▶ _ASSIGNMENT_: Transcribe all the data below exactly, leaving its pictures out.

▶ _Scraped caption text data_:
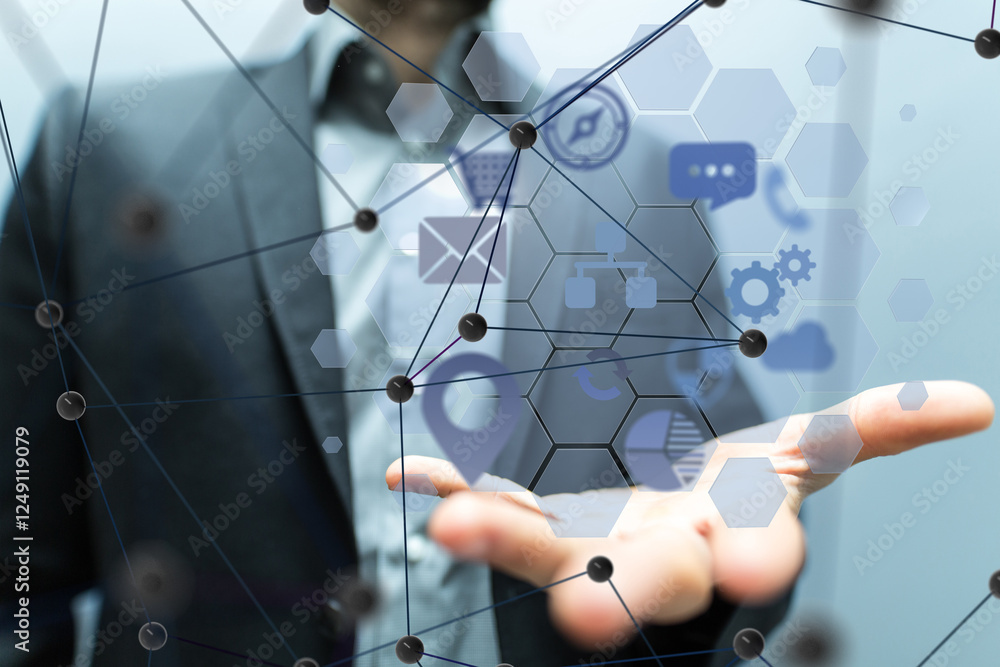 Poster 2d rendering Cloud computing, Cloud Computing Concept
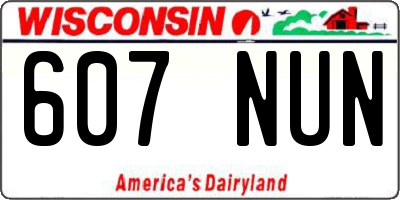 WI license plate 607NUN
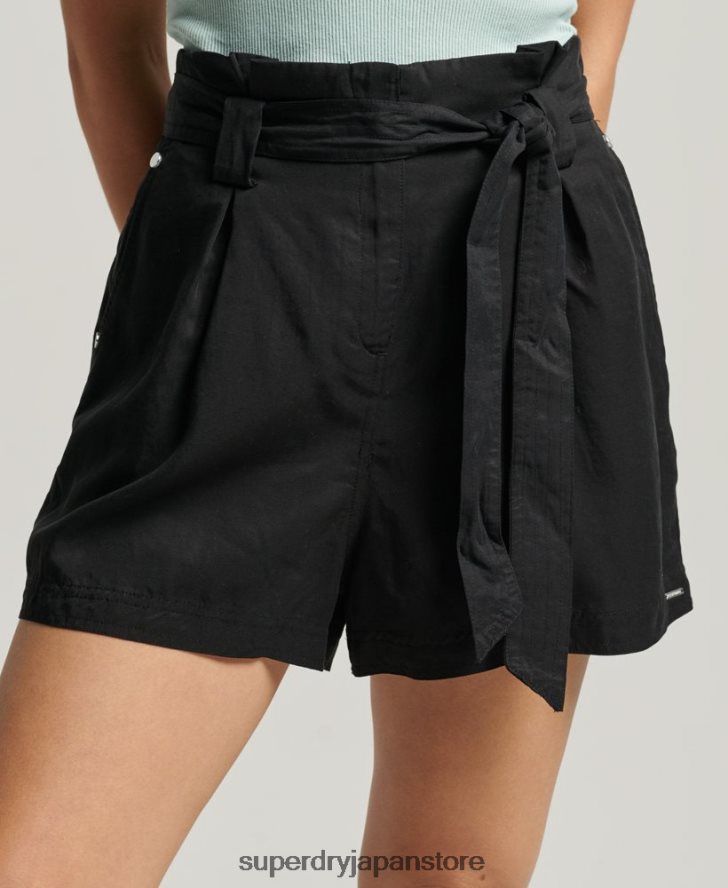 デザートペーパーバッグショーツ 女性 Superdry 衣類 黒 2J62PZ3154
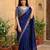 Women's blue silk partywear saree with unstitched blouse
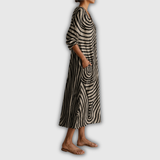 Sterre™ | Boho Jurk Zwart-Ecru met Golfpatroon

▶ _THE ANSWER_:
 Poster 2d rendering Cloud computing, Cloud Computing Concept
 WI license plate 607NUN
 デザートペーパーバッグショーツ 女性 Superdry 衣類 黒 2J62PZ3154
 Women's blue silk partywear saree with unstitched blouse
 Sterre™ | Boho Jurk Zwart-Ecru met Golfpatroon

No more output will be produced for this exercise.